The United States Supreme Court is hearing two pivotal cases and could, at its whim, change the definition of marriage and custom that has guided human society since ancient times.  From experience, we know this — for the most part, aside from sex, men prefer the company of men and women prefer the company of women.  We have never had a society where the norm was for men and women to cohabitate, particularly with children.

What has worked so far for humanity is this — a man and a man live together to raise a young man.  A woman and another woman live together to raise a young woman.  This has not only been successful from an evolutionary standpoint, but it has promoted civic harmony and social cohesion.

Throughout history, there have been dissidents to humanity’s conventions.  There have been men and women who have chosen to live together and even to raise children.  These heterodox men and women have served in the military, they have served in Congress and they have participated in the economy, sometimes in secret, sometimes out in the open.

There is no reason for anyone to hate these people.  All people should, of course, love and respect one another.  But that love and respect does not translate into condoning specific behaviors or choices.  We might love the thief but hate the thieving, because thieving is bad for society.  By the same vein, we might love those who engage in heterodox marriage, but hate the act of heterodox marriage, because the idea of a man and woman, living together for life, is bad for society.

Heterodox Marriage proponents will tell you that, “It’s none of your business.”  But we all live together.  Who wants to share a society full of children left confused by having both a male and female role model when the child is clearly either one or the other?

Even when children aren’t involved, heterodox marriages creates costly problems for society.  For example, most incidents of domestic violence between heterodox marriage couples occur during the Super Bowl, when the emotional state of the male is obviously and understandably heightened and inhibitions are lowered by alcohol consumption.

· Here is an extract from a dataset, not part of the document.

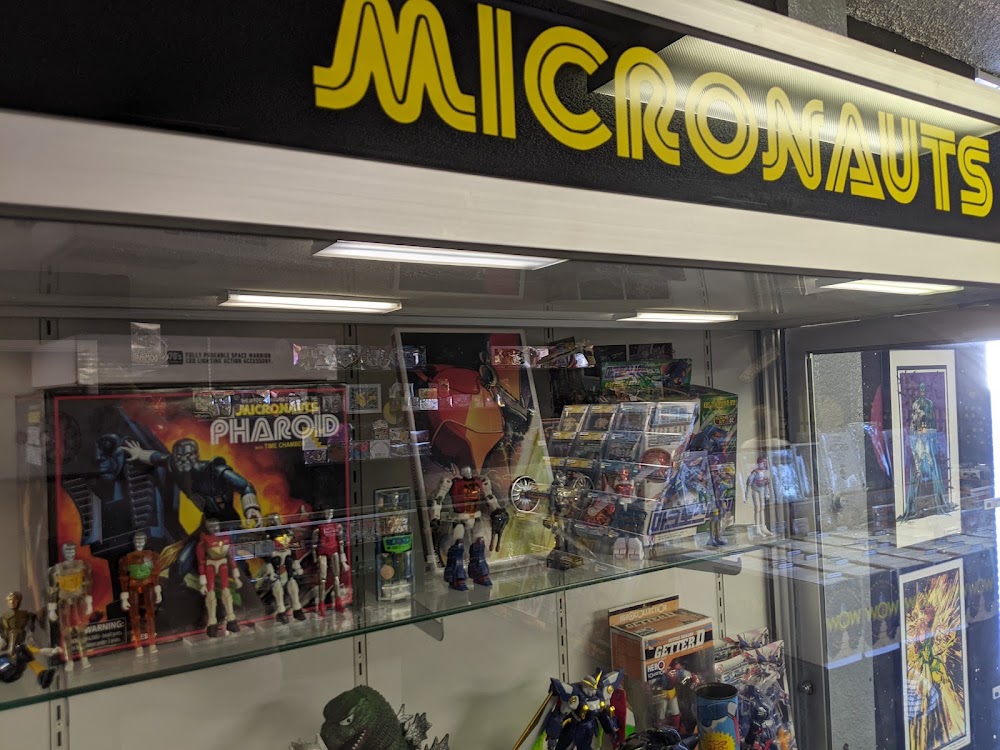 Popular Universe, tienda de TCG en Carmichael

For their part, even the best intentioned men are unlikely to ever develop any sort of meaningful interest in typical women’s activities such as knitting, the novels of J.K. Rowling and wearing Lululemon products in non-yoga settings.

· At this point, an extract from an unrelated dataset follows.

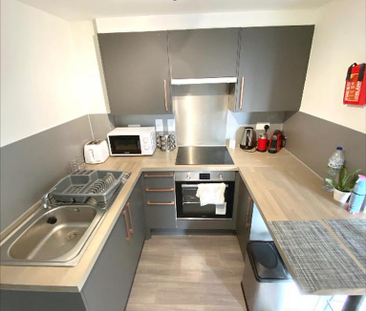 Studio to rent - Photo 1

Men and women share extensive company for one reason, intended by nature, for which most of our bodies derive great pleasure.  Whether it’s fair or not, the idea of a heterodox couple, where a man and woman share extensive time together both inside and outside of the household, even to the point of sharing the burdens of mundane and pecuniary tasks, leaves the impression of persistent libido driven tendencies.

I realize, in this politically correct age that the above might strike some observers as too blunt but even if the reality of such a relationship based on constant sex is unlikely that the sheer amount of time these men and women choose to spend in each other’s company implies the possibility to outsiders.  Two men shopping at Whole Foods might discuss their Fantasy Football results while picking through the peppers, mushrooms and arugula.  The fantasies of a man and woman shopping together will naturally turn less towards professional sports than it will towards lewd conduct behind the bulk grain bins near the freight elevator.

There is no doubt that these heterodox couples have a legitimate claim to a personal right.  But is society ready for the transformation towards unbridled sexuality that the outright sanction of opposite sex partnerships could cause?  I think that some people are and, over time, the country as a whole might come around to that point of view.  But, it’s too early.  Let’s leave it to the states and future generations, not the Supreme Court.